Problem to solve: Copy the records below word for word, from the first line through the line that contains "4. Update your", and leave out any pictures.

(Collected data entries)
·····
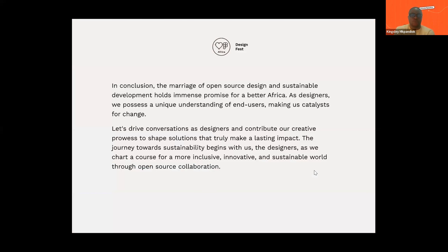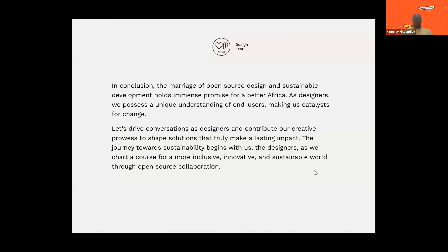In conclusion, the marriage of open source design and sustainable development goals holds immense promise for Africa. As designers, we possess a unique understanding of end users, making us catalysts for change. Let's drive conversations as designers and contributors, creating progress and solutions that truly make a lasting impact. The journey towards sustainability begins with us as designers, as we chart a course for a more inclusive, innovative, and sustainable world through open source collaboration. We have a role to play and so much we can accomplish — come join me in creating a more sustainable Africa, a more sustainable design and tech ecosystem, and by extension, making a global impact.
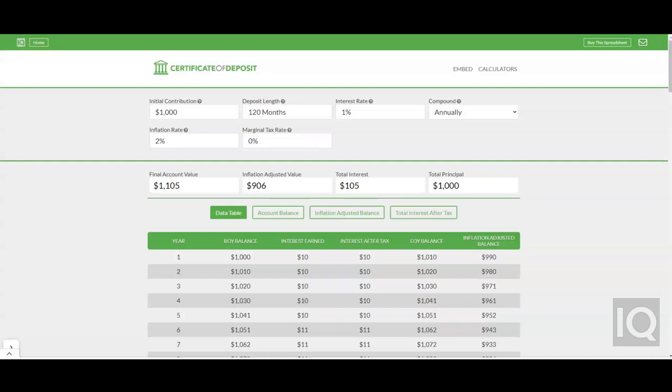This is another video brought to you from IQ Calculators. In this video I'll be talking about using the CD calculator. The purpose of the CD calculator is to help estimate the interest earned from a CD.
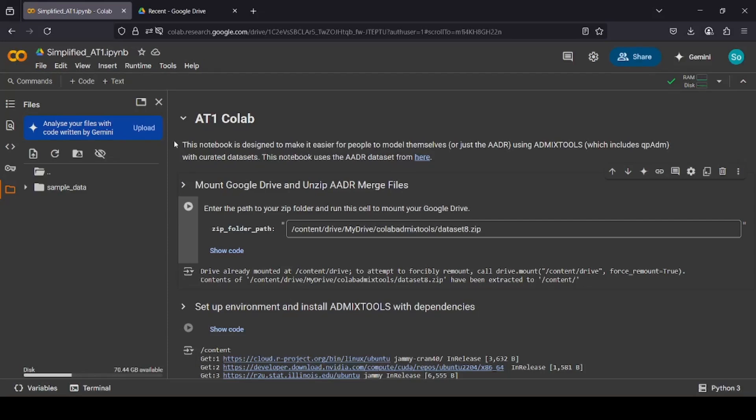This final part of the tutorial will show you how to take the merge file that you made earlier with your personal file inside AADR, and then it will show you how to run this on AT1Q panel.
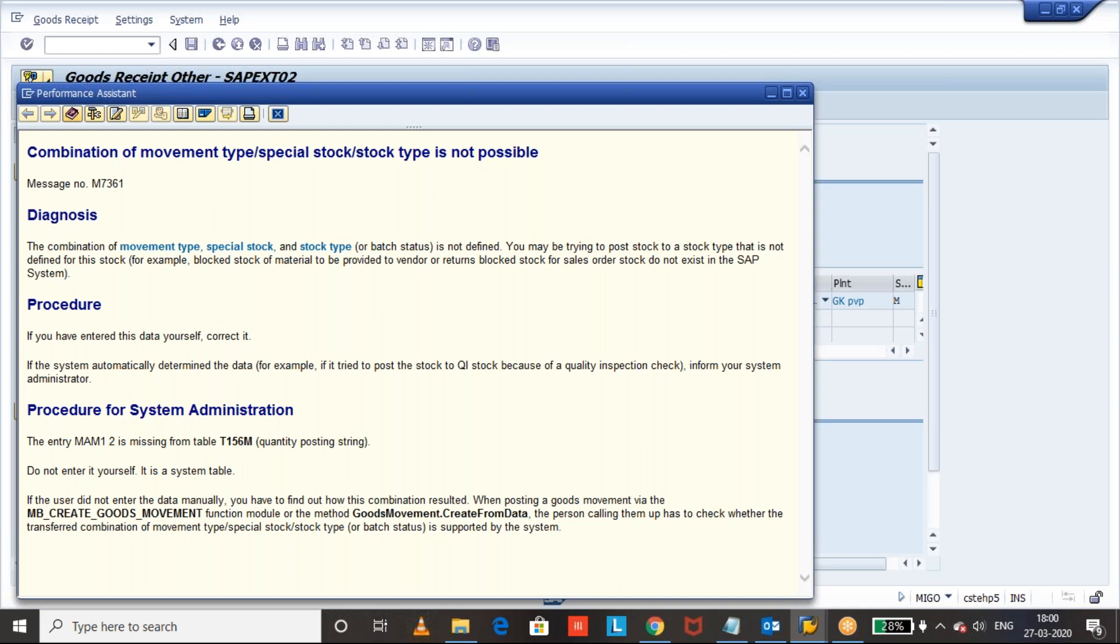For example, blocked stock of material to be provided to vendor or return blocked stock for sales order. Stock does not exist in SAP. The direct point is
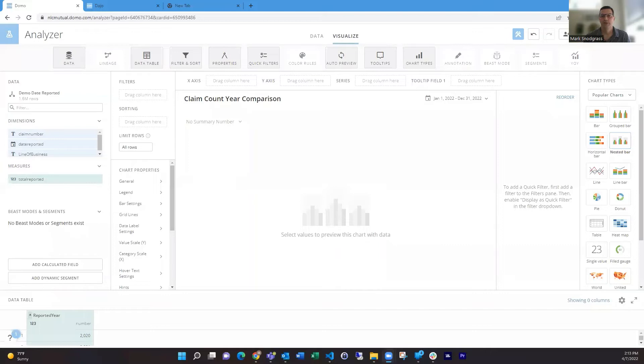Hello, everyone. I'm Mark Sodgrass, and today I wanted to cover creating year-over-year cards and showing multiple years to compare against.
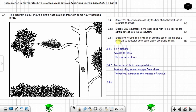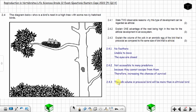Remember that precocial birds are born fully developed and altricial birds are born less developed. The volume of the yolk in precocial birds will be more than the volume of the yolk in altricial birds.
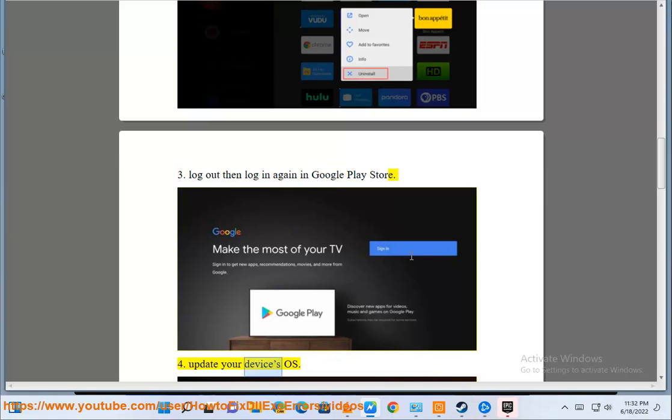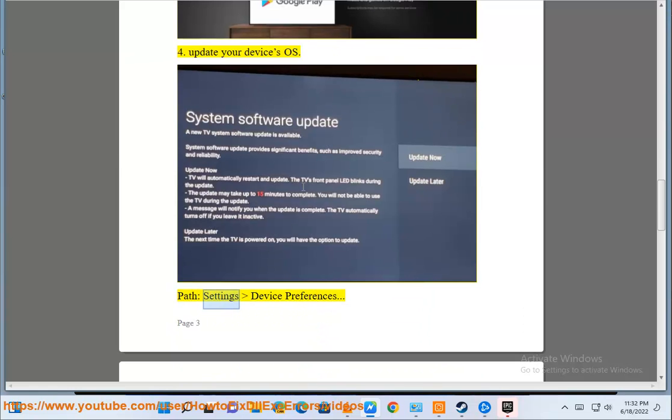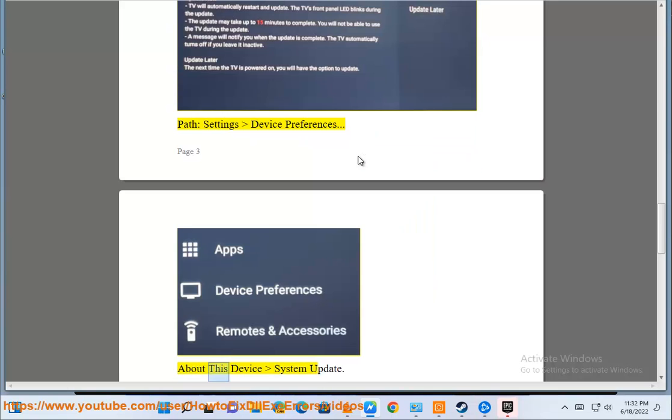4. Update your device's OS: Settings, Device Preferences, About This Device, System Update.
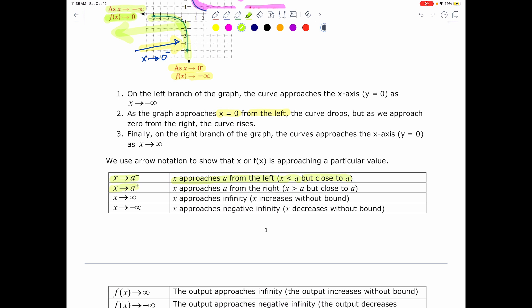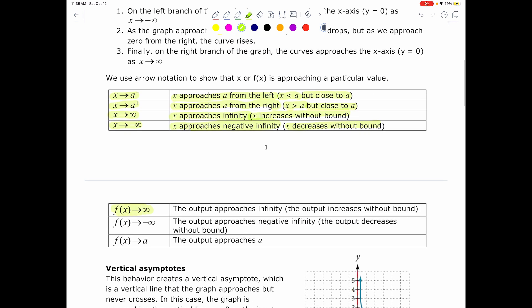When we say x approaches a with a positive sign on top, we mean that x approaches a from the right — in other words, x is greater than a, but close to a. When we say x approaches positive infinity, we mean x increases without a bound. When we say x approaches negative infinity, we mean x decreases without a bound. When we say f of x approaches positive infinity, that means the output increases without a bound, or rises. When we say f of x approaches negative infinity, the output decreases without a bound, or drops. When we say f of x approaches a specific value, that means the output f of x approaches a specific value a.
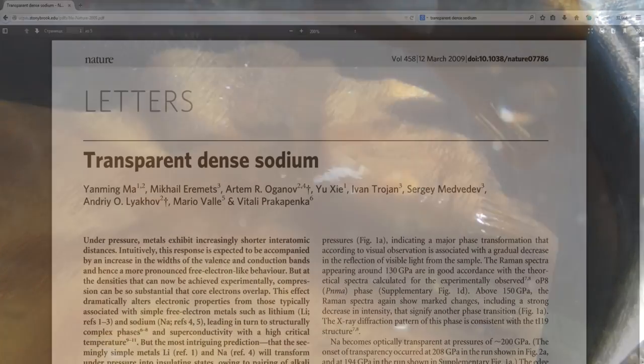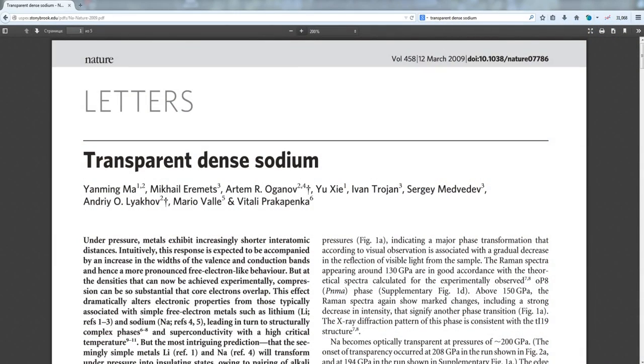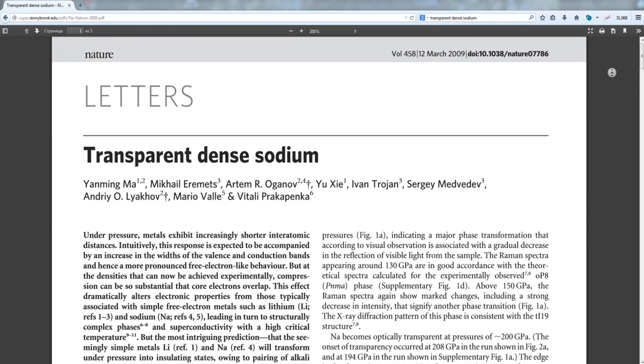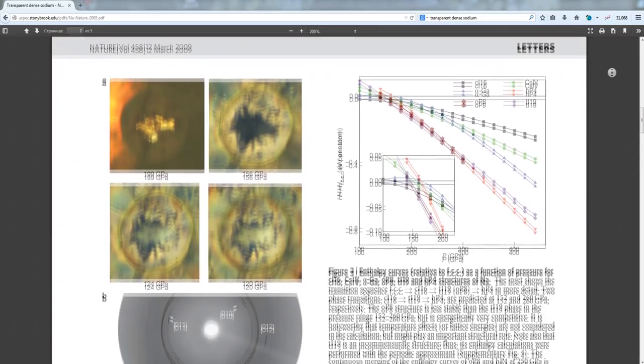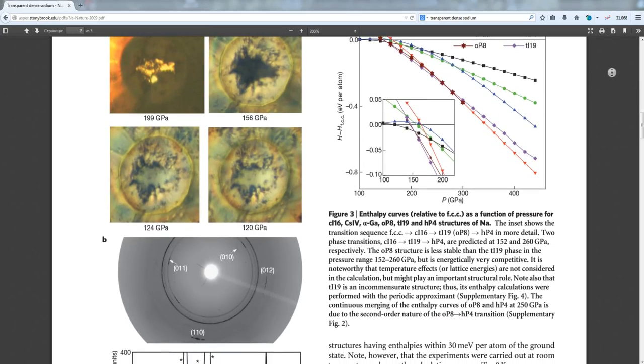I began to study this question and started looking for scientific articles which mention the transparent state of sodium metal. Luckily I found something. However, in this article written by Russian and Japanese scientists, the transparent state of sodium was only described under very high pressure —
·····
Output of the task:
In conclusion, the marriage of open source design and sustainable development goals holds immense promise for Africa. As designers, we possess a unique understanding of end users, making us catalysts for change. Let's drive conversations as designers and contributors, creating progress and solutions that truly make a lasting impact. The journey towards sustainability begins with us as designers, as we chart a course for a more inclusive, innovative, and sustainable world through open source collaboration. We have a role to play and so much we can accomplish — come join me in creating a more sustainable Africa, a more sustainable design and tech ecosystem, and by extension, making a global impact.
This is another video brought to you from IQ Calculators. In this video I'll be talking about using the CD calculator. The purpose of the CD calculator is to help estimate the interest earned from a CD.
This final part of the tutorial will show you how to take the merge file that you made earlier with your personal file inside AADR, and then it will show you how to run this on AT1Q panel.
For example, blocked stock of material to be provided to vendor or return blocked stock for sales order. Stock does not exist in SAP. The direct point is
Hello, everyone. I'm Mark Sodgrass, and today I wanted to cover creating year-over-year cards and showing multiple years to compare against.
Remember that precocial birds are born fully developed and altricial birds are born less developed. The volume of the yolk in precocial birds will be more than the volume of the yolk in altricial birds.
4. Update your device's OS: Settings, Device Preferences, About This Device, System Update.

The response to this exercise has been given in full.